Il DCL o declino cognitivo lieve
Il termine Il DCL o declino cognitivo lieve è entrato in uso dal 2000 circa ed è basato in gran parte sui lavori di Ron Petersen della Mayo Clinic, Rochester, Minnesota e collaboratori. In un primo studio prospettico, di coorte longitudinale di settantasei soggetti, confrontati con 234 controlli sani e 106 pazienti con lieve malattia di Alzheimer (AD), gli Autori hanno misurato le funzioni cognitive con diversi strumenti diagnostici (Arch Neurol. 1999;56:303-308). La distinzione principale tra i soggetti di controllo e quelli con il DCL o declino cognitivo lieve si otteneva nella zona della memoria, mentre le altre funzioni cognitive erano comparabili. Tuttavia, quando i soggetti con DCL o declino cognitivo lieve erano confrontati con i malati di Alzheimer molto lieve, le prestazioni della memoria erano simili, ma questi ultimi presentavano maggiore compromissione degli altri domini cognitivi. Le prestazioni nel tempo dimostravano anche che nei soggetti con DCL si riducevano con un tasso superiore a quello dei controlli, ma meno rapidamente rispetto ai pazienti con malattia di Alzheimer lieve. Gli Autori, così, concludevano che i pazienti che soddisfacevano ai criteri per il DCL potevano essere differenziati dai controlli sani e da quelli con AD molto lieve, appartenendo a un’entità clinica indipendente.

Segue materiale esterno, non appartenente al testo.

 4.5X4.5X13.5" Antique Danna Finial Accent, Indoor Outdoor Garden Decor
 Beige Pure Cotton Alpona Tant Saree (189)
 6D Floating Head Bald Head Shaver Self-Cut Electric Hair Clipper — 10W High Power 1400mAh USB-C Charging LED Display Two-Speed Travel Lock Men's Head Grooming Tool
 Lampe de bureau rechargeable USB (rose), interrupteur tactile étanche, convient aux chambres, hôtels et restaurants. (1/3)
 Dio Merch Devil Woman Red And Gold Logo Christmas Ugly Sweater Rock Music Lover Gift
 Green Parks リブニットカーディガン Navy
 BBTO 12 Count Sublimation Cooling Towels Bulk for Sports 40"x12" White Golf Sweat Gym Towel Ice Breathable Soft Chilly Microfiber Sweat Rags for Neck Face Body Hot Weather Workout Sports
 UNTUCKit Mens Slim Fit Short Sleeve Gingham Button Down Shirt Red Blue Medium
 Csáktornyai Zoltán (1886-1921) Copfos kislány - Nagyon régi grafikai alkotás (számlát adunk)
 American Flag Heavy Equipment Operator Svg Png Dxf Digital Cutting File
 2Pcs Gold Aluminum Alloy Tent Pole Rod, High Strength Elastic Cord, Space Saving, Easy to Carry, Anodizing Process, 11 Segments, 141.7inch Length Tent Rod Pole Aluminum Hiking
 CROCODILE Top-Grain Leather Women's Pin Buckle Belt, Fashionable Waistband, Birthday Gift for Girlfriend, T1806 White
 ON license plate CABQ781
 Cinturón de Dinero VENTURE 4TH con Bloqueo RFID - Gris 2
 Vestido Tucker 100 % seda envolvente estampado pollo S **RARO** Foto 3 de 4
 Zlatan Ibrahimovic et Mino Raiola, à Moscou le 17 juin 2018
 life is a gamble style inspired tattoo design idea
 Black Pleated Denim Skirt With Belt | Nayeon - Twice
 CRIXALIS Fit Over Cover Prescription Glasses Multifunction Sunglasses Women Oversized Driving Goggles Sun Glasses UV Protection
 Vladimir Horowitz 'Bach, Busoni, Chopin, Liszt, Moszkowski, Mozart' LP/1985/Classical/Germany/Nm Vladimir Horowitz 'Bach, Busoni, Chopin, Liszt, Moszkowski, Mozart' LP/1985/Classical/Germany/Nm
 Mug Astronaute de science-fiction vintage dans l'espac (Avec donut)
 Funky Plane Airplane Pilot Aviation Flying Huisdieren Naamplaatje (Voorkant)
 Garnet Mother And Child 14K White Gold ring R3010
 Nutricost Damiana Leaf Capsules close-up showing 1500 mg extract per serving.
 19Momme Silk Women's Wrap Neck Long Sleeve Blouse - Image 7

Gli AA, difatti, considerando che il deterioramento cognitivo dovesse caratterizzare le prime fasi della demenza nell’anziano e sulla base delle evidenze di uno stato di transizione tra i cambiamenti cognitivi del normale invecchiamento e la malattia di Alzheimer (MA), hanno delineato il DCL come condizione clinica tra la senescenza normale e la MA (Arch Neurol. 2001;58:1985-1992). In tale caso le persone sperimentano la perdita di memoria in misura maggiore di quanto ci si aspetterebbe per l’età, senza soddisfare i criteri della MA clinicamente probabile. Pur tuttavia, nel tempo tali soggetti potrebbero progredire con un ritmo molto accelerato verso una forma di MA clinicamente probabile, rispetto ai sani di pari età. Di conseguenza, questa condizione è stata riconosciuta idonea per un eventuale intervento terapeutico, stimolando l’interesse di un gruppo di esperti in tutto il mondo nei settori della neurologia, psichiatria, geriatria, neuropsicologia, neuroimaging, neuropatologia. Così che oggi la lieve insufficienza cognitiva è ritenuta una condizione ad alto rischio di sviluppo della MA clinicamente probabile, indicando, come accennato, quelle persone che hanno, solitamente ma non sempre, lievi sintomi progressivi con cambiamenti peggiorativi nelle abilità mentali e della memoria. In un’analisi definitiva, negli ultimi dieci anni si è costatato, peraltro, che un gran numero di questi malati, ma certamente non tutti, tende a progredire verso la demenza di Alzheimer. Pertanto, si è sempre più sviluppato l’interesse nei riguardi del DCL con la costituzione anche di due serie di criteri di gruppi di lavoro a essa dedicati: il primo fondamentalmente clinico, relativo all’uso dei fornitori senza accesso agli strumenti avanzati di analisi d’immagine o di CSF (cerebro spinal fluid), il secondo, adeguato alla ricerca e alla descrizione dei biomarcatori per il loro uso sperimentale e per l’impostazione clinica.
Comunque, l'ultima serie di criteri per la definizione del deterioramento cognitivo lieve, secondo Petersen nel 1999, si basa su quattro livelli di certezza, secondo la presenza e la natura dei risultati dei biomarker:
1. Preoccupazione nei riguardi di un cambiamento dello stato cognitivo identificato dal paziente, da un informatore o da un clinico esperto.
2. Compromissione della performance cognitiva che dovrebbe risultare inferiore a quanto previsto per l'età e l'istruzione con una gradualità di peggioramento nel tempo.
3. Conservazione d’indipendenza nelle capacità funzionali, ma meno efficienti e con più errori nelle attività quotidiane.
4. Assenza di demenza, ma con variazioni sufficientemente miti senza alcuna evidenza di compromissione sociale o lavorativa.